Which lines in the records below contain the word "Crochet"? Copy each of them.

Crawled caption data
===

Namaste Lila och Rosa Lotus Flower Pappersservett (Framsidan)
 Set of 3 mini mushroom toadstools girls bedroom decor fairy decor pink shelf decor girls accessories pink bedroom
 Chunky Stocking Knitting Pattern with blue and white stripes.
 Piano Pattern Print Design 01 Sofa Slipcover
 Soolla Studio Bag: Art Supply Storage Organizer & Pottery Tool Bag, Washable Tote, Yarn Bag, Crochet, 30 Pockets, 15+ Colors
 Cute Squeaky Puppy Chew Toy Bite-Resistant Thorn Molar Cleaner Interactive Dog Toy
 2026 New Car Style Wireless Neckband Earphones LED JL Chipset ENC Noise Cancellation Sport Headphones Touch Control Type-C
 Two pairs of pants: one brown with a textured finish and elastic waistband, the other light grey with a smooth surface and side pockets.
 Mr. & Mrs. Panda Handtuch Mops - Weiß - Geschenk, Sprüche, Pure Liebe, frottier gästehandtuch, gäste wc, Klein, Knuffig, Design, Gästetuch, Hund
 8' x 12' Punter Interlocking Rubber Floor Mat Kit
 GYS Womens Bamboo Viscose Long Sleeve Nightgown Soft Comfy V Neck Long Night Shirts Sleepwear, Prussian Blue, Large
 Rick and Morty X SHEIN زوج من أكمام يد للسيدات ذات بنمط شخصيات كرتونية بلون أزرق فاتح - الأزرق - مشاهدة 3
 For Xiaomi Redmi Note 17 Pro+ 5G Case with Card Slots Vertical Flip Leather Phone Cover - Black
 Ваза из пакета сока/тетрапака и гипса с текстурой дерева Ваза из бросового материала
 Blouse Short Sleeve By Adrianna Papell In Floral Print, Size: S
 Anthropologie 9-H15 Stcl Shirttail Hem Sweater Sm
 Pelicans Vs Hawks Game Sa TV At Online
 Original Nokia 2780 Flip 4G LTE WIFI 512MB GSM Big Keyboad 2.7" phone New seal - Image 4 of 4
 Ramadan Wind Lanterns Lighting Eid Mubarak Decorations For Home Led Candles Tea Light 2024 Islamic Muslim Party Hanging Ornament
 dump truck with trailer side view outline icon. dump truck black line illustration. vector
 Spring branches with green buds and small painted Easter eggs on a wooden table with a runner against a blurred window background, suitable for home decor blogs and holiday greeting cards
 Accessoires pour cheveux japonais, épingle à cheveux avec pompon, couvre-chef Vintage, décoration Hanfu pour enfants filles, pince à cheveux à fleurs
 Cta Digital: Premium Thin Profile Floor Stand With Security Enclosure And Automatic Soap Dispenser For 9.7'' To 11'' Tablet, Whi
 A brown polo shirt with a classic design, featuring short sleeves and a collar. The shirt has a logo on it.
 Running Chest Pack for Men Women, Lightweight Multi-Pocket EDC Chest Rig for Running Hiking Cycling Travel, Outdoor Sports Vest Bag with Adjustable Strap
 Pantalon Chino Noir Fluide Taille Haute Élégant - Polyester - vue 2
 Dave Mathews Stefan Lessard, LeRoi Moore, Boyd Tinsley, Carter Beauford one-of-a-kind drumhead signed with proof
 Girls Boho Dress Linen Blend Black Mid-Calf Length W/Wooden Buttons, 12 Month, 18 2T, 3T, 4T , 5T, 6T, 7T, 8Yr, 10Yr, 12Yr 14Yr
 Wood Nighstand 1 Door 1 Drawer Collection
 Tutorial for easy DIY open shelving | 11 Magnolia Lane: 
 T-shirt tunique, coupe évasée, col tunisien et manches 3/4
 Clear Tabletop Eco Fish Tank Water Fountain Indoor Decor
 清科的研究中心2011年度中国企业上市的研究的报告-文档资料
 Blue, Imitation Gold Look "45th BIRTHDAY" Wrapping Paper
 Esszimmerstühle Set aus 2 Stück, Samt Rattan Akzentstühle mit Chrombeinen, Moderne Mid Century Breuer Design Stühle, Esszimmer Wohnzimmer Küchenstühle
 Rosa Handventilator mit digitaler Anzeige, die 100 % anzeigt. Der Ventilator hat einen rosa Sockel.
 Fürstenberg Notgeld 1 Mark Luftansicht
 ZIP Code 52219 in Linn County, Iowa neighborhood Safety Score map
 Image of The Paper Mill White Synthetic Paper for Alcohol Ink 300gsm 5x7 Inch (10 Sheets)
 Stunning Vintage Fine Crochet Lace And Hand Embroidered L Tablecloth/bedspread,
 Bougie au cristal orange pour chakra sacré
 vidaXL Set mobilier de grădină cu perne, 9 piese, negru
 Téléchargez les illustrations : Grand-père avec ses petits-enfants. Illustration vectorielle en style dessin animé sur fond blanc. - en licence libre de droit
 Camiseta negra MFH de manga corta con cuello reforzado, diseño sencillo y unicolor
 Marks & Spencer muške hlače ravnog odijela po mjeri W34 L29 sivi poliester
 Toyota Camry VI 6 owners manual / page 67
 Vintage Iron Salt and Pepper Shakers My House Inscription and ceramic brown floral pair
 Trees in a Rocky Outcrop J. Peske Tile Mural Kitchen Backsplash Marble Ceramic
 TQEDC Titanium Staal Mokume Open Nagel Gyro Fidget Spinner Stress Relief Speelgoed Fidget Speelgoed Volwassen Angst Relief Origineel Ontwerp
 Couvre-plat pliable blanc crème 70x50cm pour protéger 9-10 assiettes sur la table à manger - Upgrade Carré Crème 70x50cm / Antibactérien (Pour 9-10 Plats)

===

Task result.
 Soolla Studio Bag: Art Supply Storage Organizer & Pottery Tool Bag, Washable Tote, Yarn Bag, Crochet, 30 Pockets, 15+ Colors
 Stunning Vintage Fine Crochet Lace And Hand Embroidered L Tablecloth/bedspread,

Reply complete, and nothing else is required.